DATA BELOW

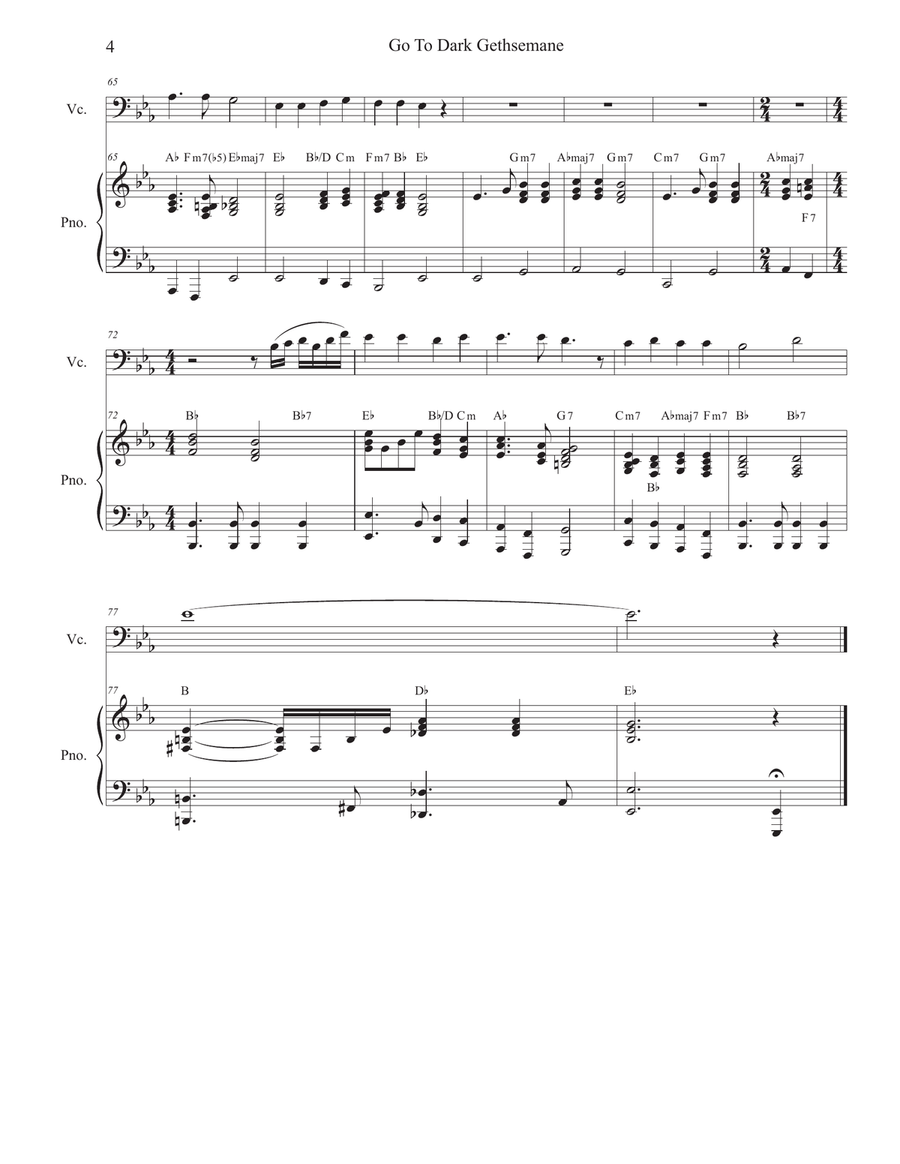 Go To Dark Gethsemane (Cello solo and Piano) Piano scores gallery preview page 4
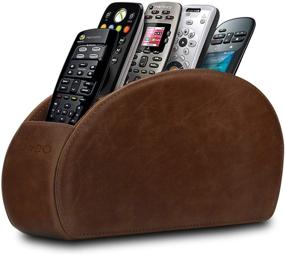 img 4 attached to 📱 Londo Remote Controller Holder Organizer: Italian Genuine Leather Storage for DVD, Blu-ray, TV Roku, Apple TV Remotes - Rustic Brown (OTTOREMOTE)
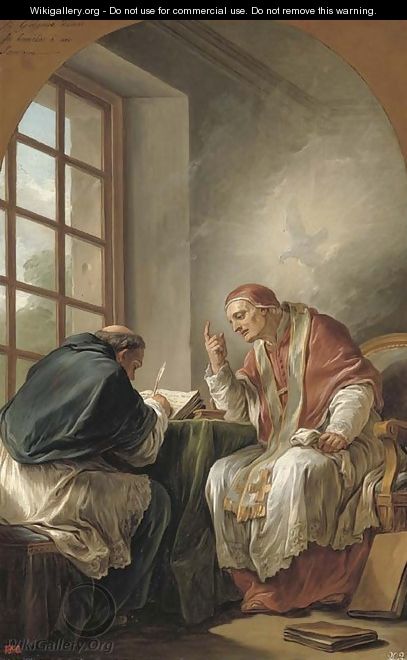 Saint Gregory dictating his homilies a modello - Carle van Loo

ASSIGNMENT
Pictures stay out; everything else in the listing above is to be repeated exactly.

SOLUTION FOR THIS TASK
 Go To Dark Gethsemane (Cello solo and Piano) Piano scores gallery preview page 4
 img 4 attached to 📱 Londo Remote Controller Holder Organizer: Italian Genuine Leather Storage for DVD, Blu-ray, TV Roku, Apple TV Remotes - Rustic Brown (OTTOREMOTE)
 Saint Gregory dictating his homilies a modello - Carle van Loo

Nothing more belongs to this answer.